- Bilgi Agi | Turkiye nin Interaktif Kose Yazari Gazetesi ve Yazar Portali - https://www.bilgiagi.net -

Tercihimizi Eskiden Yana mı Yapacağız, Yeniden Yana mı? (*)

 “Soğuk savaş ne rahattı. Bir yanda iyiler, öte yanda kötüler. Bir yanda haklı olanlar, öte yanda haksızlar. Her şey yerli yerine idi. İki taraf da kendinin iyi ve haklı olduğuna inanırdı. Şimdi her şey karıştı” (6.7.1991-Cumhuriyet Gazetesi’nde Fransız bir diplomatın sözleri).
Yukarıdaki sözcükler geçmiş dünyayı ne güzel anlatıyor. Bir yanda haksızlar, bir yanda haklılar. Hangi kıstaslara göre? Tabii ki, herkesin kendi soyut (subjektif) düşüncelerine, değerlerine göre… Geçmiş dünyayı ve günümüz dünyasını anlayabilmek için üretim biçimlerine ve tarzına göre değerlendirmek gerekir.

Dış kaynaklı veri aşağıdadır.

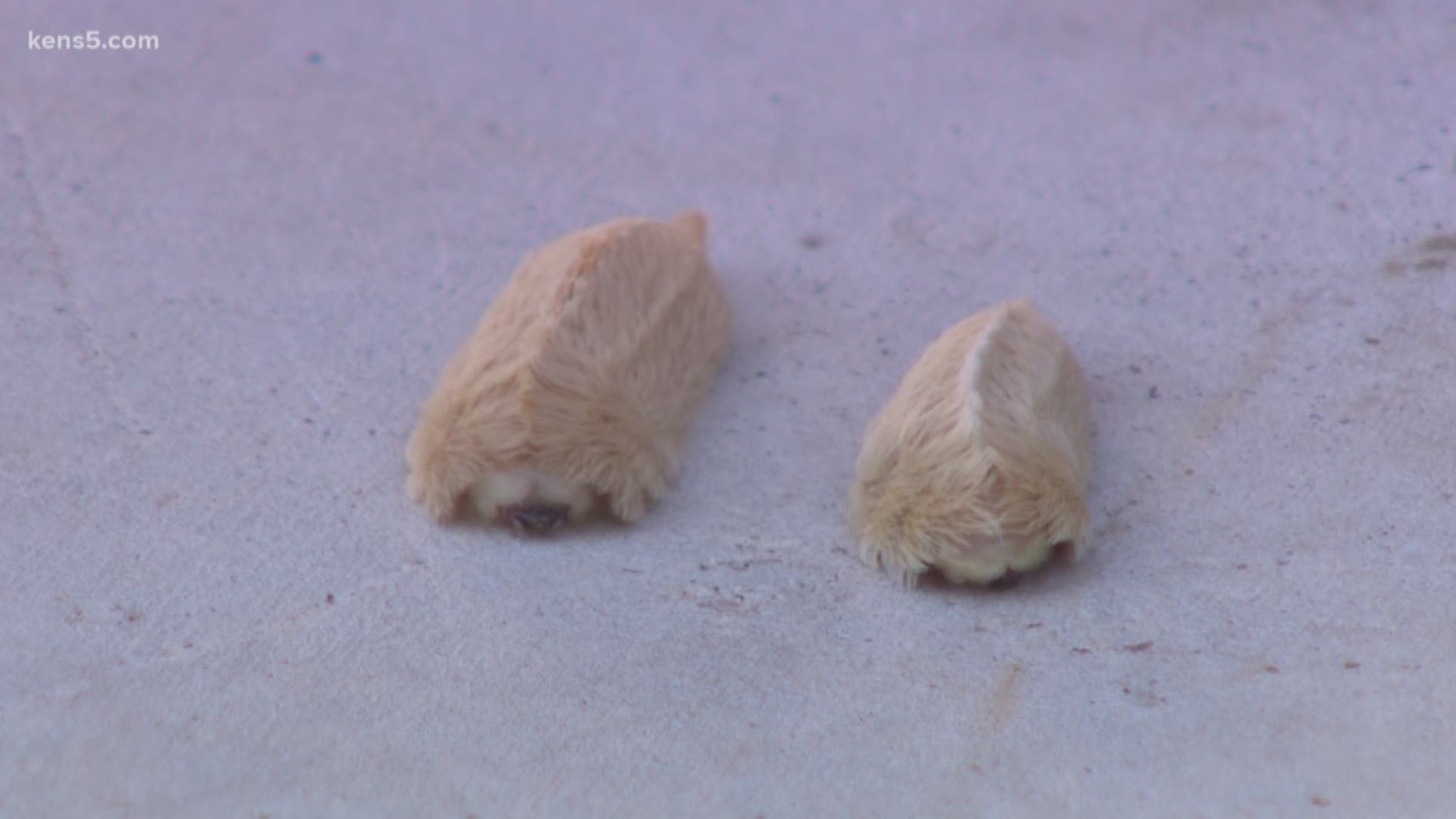 The fluffy caterpillars seen around San Antonio may look cute and harmless but keep your distance. They're venomous and are harmful to everyone.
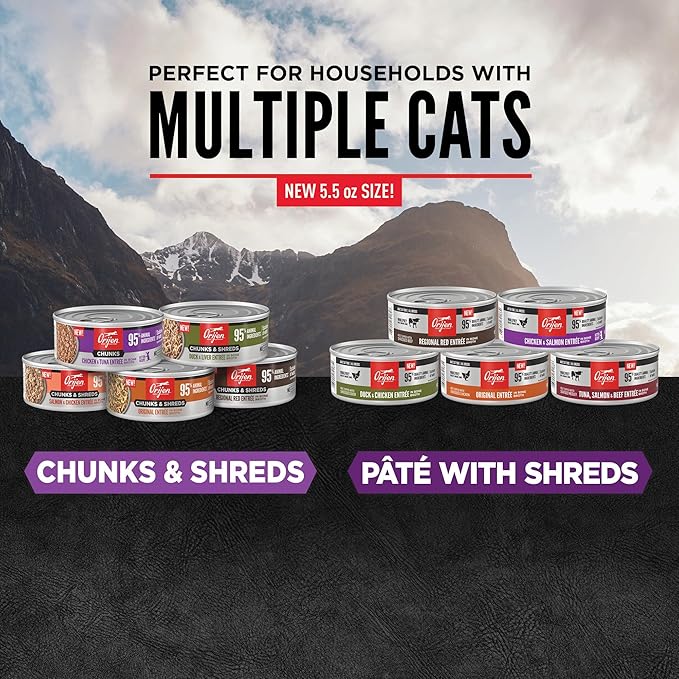 ORIJEN Premium Pate Wet Kitten Cat Food in Bone Broth Chicken & Salmon Entrée 5.5oz Cans (6 Count)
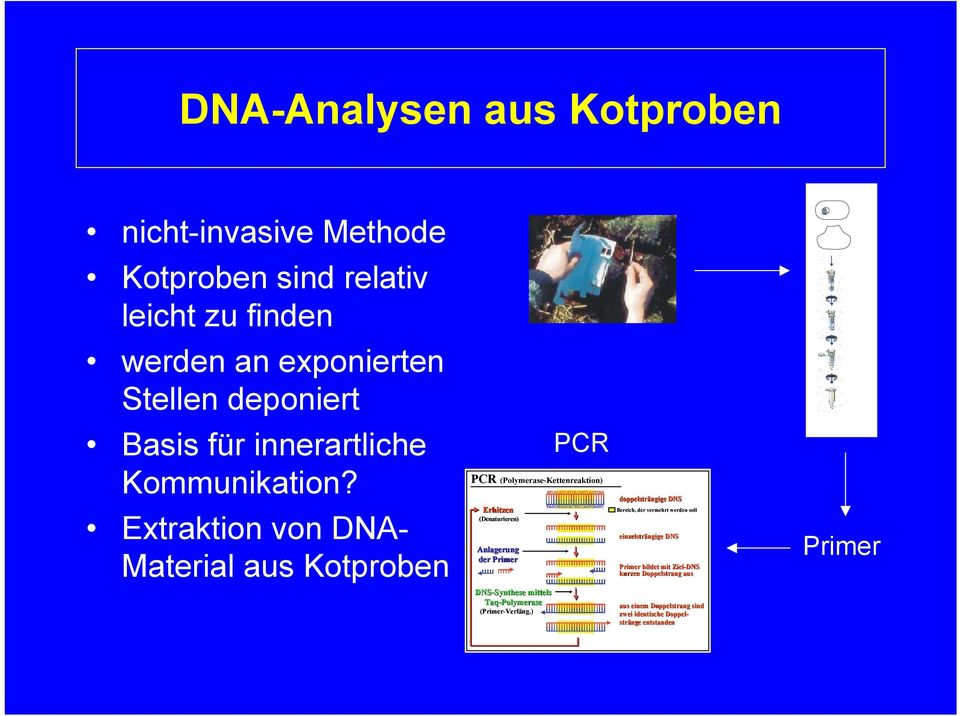 Extraktion von DNA- Material aus Kotproben PCR PCR (Polymerase-Kettenreaktion) Erhitzen (Denaturieren) Anlagerung der Primer DNS-Synthese mittels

Bunu yapabilirsek sağlıklı bir yaklaşım tarzı yakalayabiliriz ki, bu tarz da bizim realist davranmamıza neden olur?

****
Eski dünyanın üretim tarzı, kol gücüne dayalı, bilgiye fazla ihtiyaç duymayan vahşi bir yapı idi. Daha çok sömürebilmek için daha fazla insan ve daha az demokrasi demekti. Dünyadaki bu eski üretim biçimi miadını doldurmakta.

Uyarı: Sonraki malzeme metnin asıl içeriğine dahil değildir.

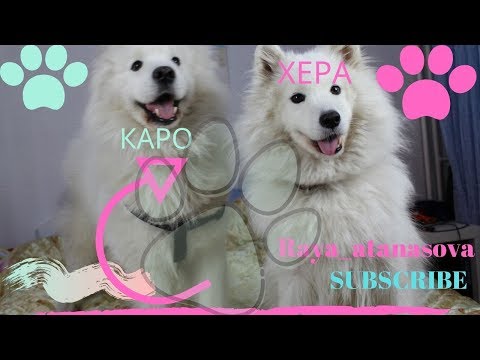 Видео: 🐾Да имаш САМОЕДИ?! 🐾 / pet tag / 🐾
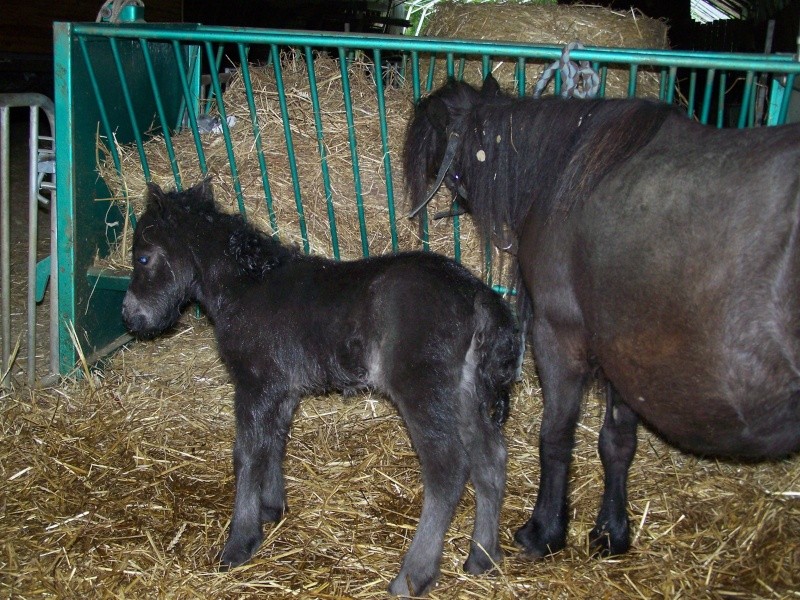 Ferme des Mignotines - shetland et poneys C/D en Bourgogne - Page 8 100_9138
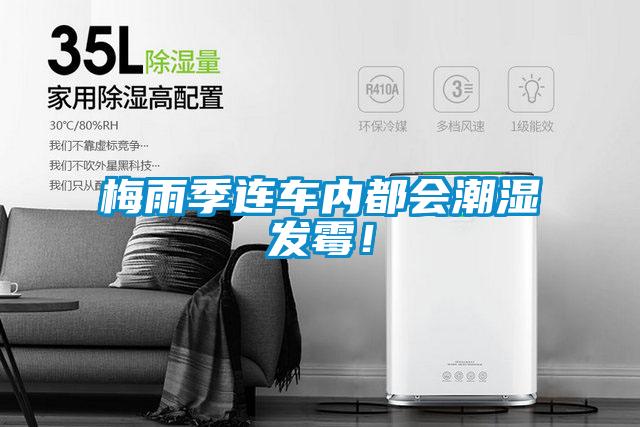 梅雨季連車內(nèi)都會潮濕發(fā)霉!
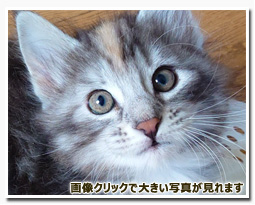 ノルウェージャンフォレストキャット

Birinci sanayi devriminde ortaya çıkan tüm ideolojik ve politik kurumlar sahneden çekiliyor. Çekilme yaşanırken sancılı oluyor. Bölgesel savaşlar ise, yerinin doğum sancıları olarak görülmelidir.
  ****
Dikkat edin, savaşların ve çatışmaların yaşandığı tüm bölgeler eski üretim biçiminin yani; köylülüğün egemen olduğu ve ulusçuluğu yaşamamış bölgelerdir.
Bu (eski) dünyayı şekillendiren ideolojik yapıların ortak özellikleri çatışma, diktatörlük, daha çok sömürü, daha az demokrasi, daha az özgürlük vb. değerlerdi.
              ****
Yeni üretim biçiminde emek (canlı emek kol gücü) belirleyici değil.

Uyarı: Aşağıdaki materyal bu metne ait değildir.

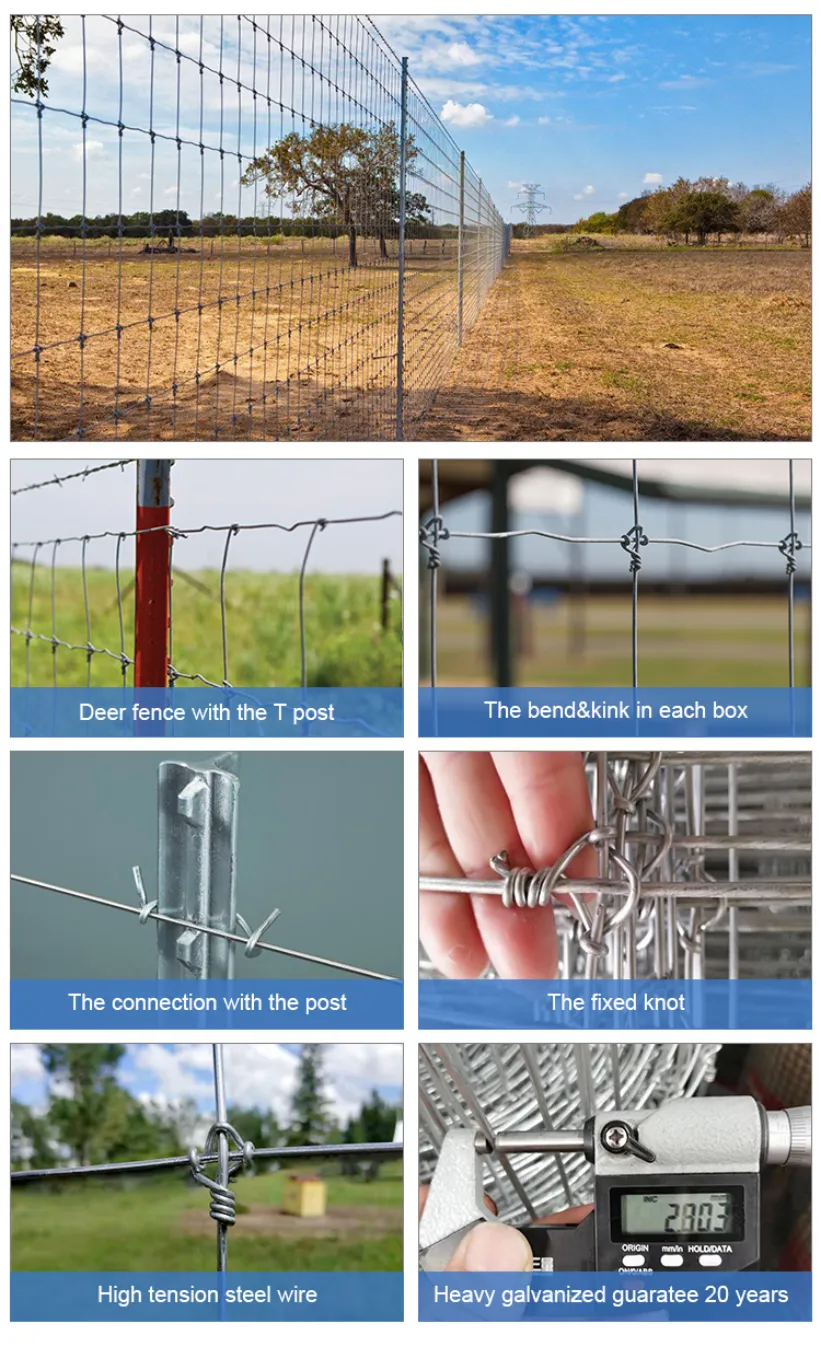 Read More About 8 ft deer fence for sale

Daha az insanla daha çok üretim ve üretilen malların satılabilmesi için çok zenginlik…
Daha çok üretim daha az emekle olduğu için daha az sömürünün olması, hatta bir takım iş kollarında sömürünün ortadan kalkması…
Yeni üretim biçiminde belirleyici olan bilgi. Bu ise daha çok demokrasi, daha çok insan hakları, daha çok özgürlük, vb. değerleri ön plana çıkarıyor.
****
İkinci sanayi devrimi (buna sanayi sonrası dönem de denilebilir) canlı emeği ortadan kaldırırken, dünkü üretim araçları ile üretim yapan ülkeler (sermaye) yeni dünyada rekabet edebilme şanslarını hızla yitiriyorlar. Eski dünyanın bir yığın mesleği ortadan, kalkarken, yerine yeni meslekler ortaya çıkıyor.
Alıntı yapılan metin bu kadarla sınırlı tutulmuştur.